The MOOC is free and open to participants from around the world who are actively interested and engaged in children’s rights and how they are considered in relation to technologies. Auditors can complete any or all the parts of the course at their own pace, but will not receive a certificate.
By way of a MOOC, they aim to provide a coherent overview of the current discussions, regulations, and known implications of children’s relationships to technology in the digital age. They also aim to close the gap in knowledge and a lack of accessibility of existing knowledge to a wider audience.
The course is articulated in five modules:
- Module 1 introduces the main concepts the MOOC will address. Starting with an overview of children’s rights, it then moves to explain the key technologies of Artificial Intelligence (AI) and biometrics as focal points in the MOOC’s discussion of children’s rights and new technologies. It will explore how these technologies impact children in unprecedented ways.
- Module 2 focuses on children’s right to privacy and data protection, examining the legal instruments and international recommendations that exist in this regard. It will then provide examples of how technologies interfere with children’s rights to privacy and data protection in areas such as facial recognition, biometric data collection and advertising.
- Module 3 delves into the linkages between early-childhood development and new technologies and examines the right to play in the digital age. In addition to providing insights into the legal instruments and recommendations in this field, it will include a case study on smart toys research.

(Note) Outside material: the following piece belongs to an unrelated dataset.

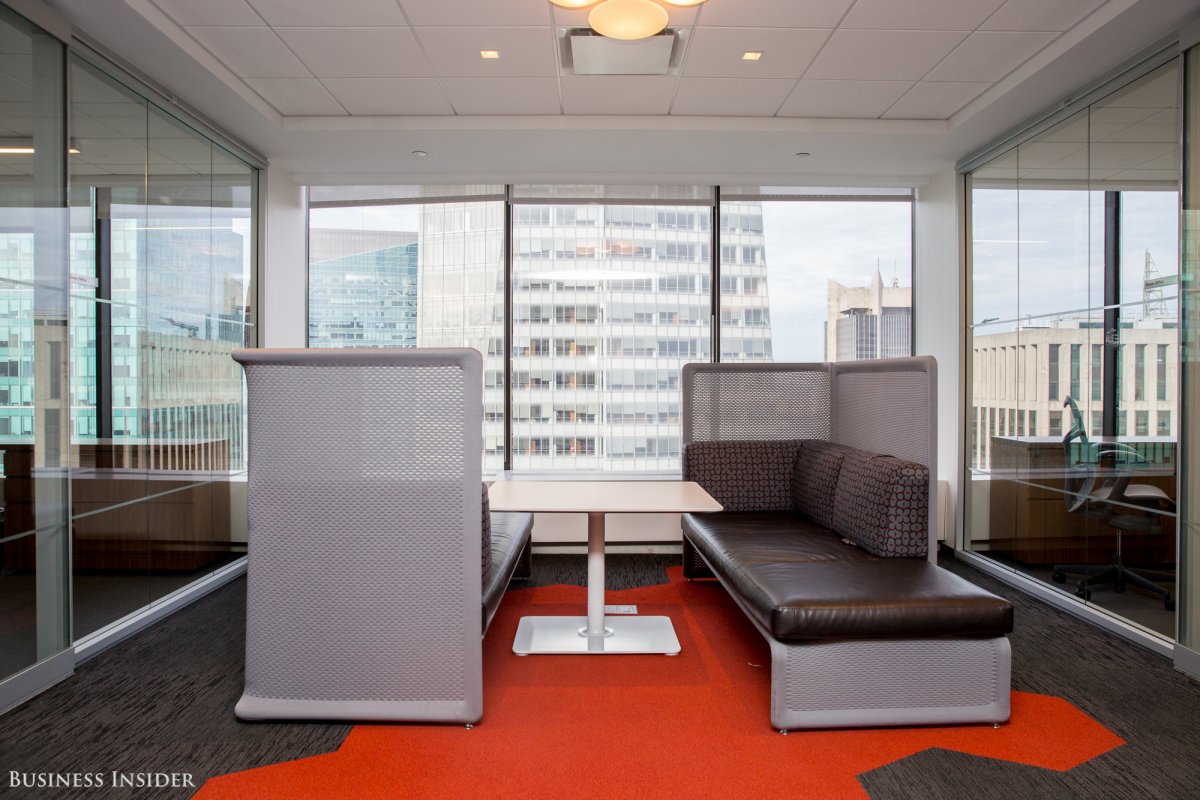 Theo nhiều nghiên cứu, nhân viên sẽ gắn kết với văn phòng khi họ có sự kiểm soát tốt hơn. Điều này không chỉ tới từ văn phòng mà còn từ nhiều khía cạnh khác nhau trong công việc.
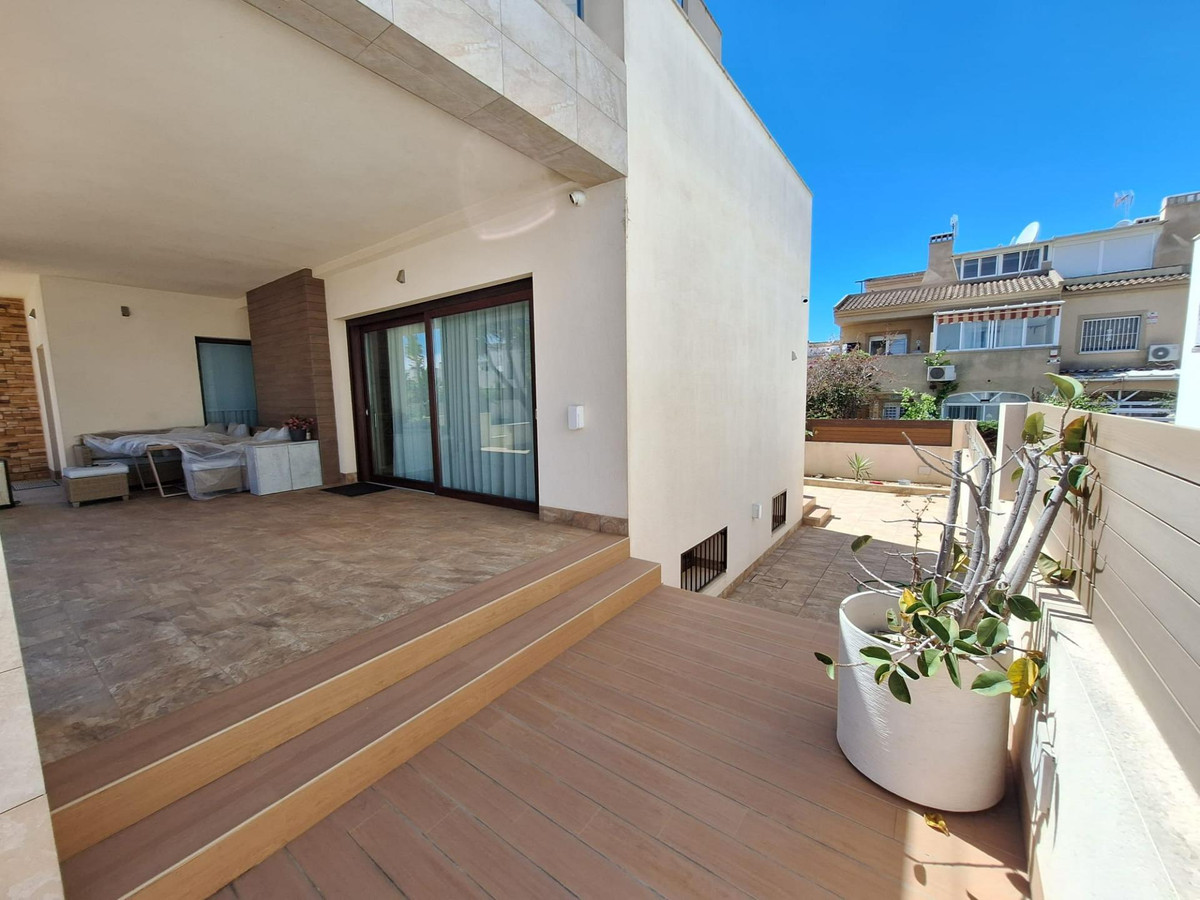 Huis te koop in Torrevieja | 2 slaapkamers H5361586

- Module 4 explores what the right to education means in the digital era. A legal overview will be provided before examining examples of AI and facial recognition in the classroom in addition to positive examples of educational technology and discussing how these technologies fit into preparing children for the future workplace.
- Module 5 investigates positive and negative developments in the field of new technologies and children’s right to health and safety, with particular focus on digital health and child online exploitation.
Methodology: The course encompasses a 5-week period. Participants are expected to engage in approximately 30 hours of active learning through readings, videos, webinars, discussions, and quizzes. Case studies and examples from different areas of the world and on different themes will be used to identify cross-regional and cross-cutting issues and enable a global and multidimensional understanding of the topic.
Upon completion of this course participants will have gained:
- Knowledge about the developing international standards for the protection of the human rights of children in the context of AI & biometrics–concerning privacy, education, surveillance and more
- Awareness of the latest research concerning how technology is impacting childhood development and what questions are still unanswered
- Information on modern contextual situations, examples, and case studies from different regions of the world
- Understanding of challenges and limitations in the current environment as it relates to research, regulation, and technological development with a human rights approach
- The ability to identify some legal, political and social strategies to safeguard the human rights of children in relation to data protection and mindful technological integration
- Knowledge of recommendations for families, businesses and governments to bring about change and improvements both at home and in society at large.
Global Campus of Human Rights designed this course for participants (students, researchers, educators, children, parents, concerned citizens, politicians, media professionals, tech developers/experts/companies, and governmental/inter-governmental/non-governmental actors) around the world who are actively interested and engaged in children’s rights and how they are considered in relation to technologies that already permeate society, but also those technologies that are in development and how they may impact this particular age group.